* [Recorded data]
┌──
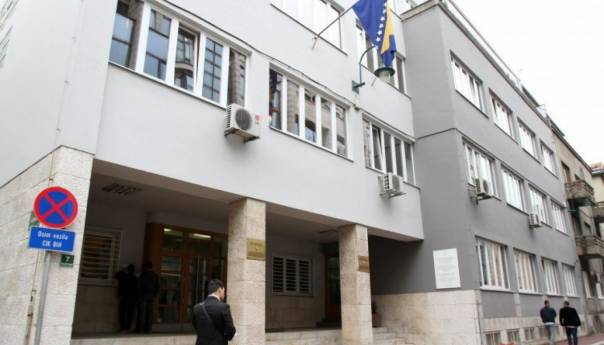 SIPA pretresa prostorije CIK-a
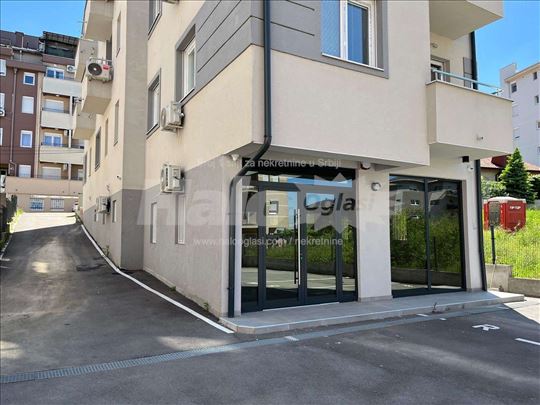 Poslovni prostor, V. Vlahovića, 125 m2, parking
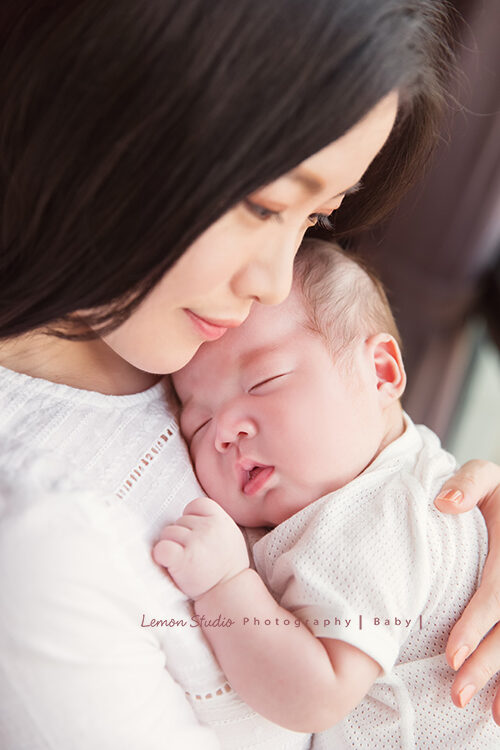 台南小小John一家來拍彌月攝影，媽麻抱著John，好愛他的感覺！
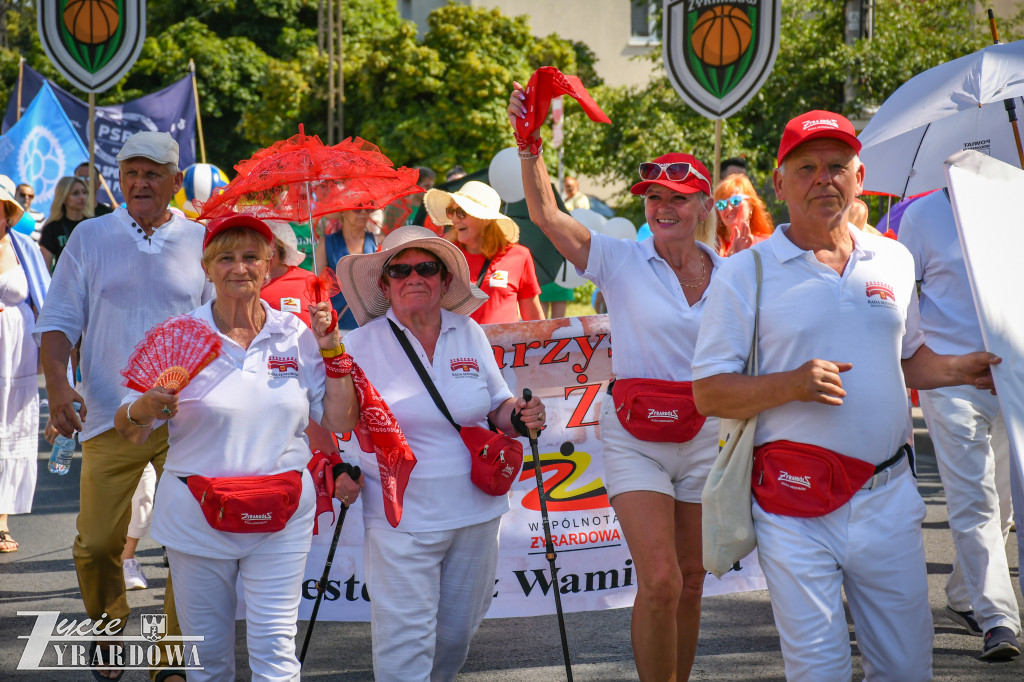 Parada otwierająca Święto Lnu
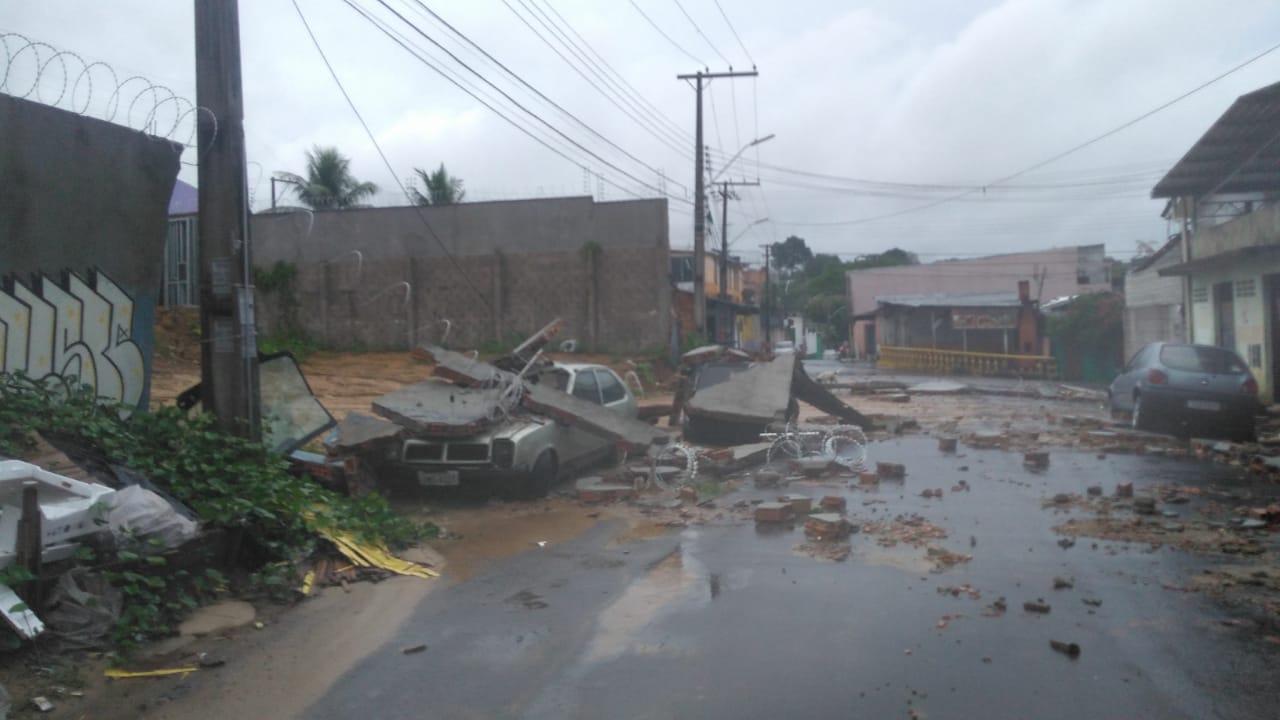 Muro de terreno desmorona sobre carro durante forte chuva em Manaus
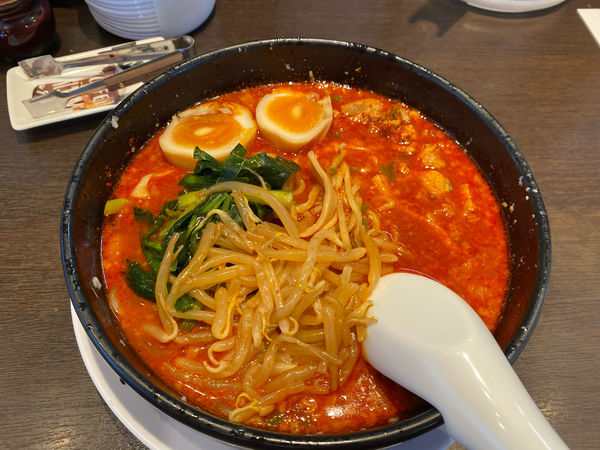 「旨辛麺（３辛）880円」@来来亭 戸塚原宿店の写真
└──
* [WHAT IS NEEDED] The copy should hold exactly the lines from the line containing "台南小小John一家來拍彌月攝影，媽麻抱著John，好愛他的感覺！" through the end of the data, both ends included, and no pictures.

* [EXERCISE SOLUTION]
 台南小小John一家來拍彌月攝影，媽麻抱著John，好愛他的感覺！
 Parada otwierająca Święto Lnu
 Muro de terreno desmorona sobre carro durante forte chuva em Manaus
 「旨辛麺（３辛）880円」@来来亭 戸塚原宿店の写真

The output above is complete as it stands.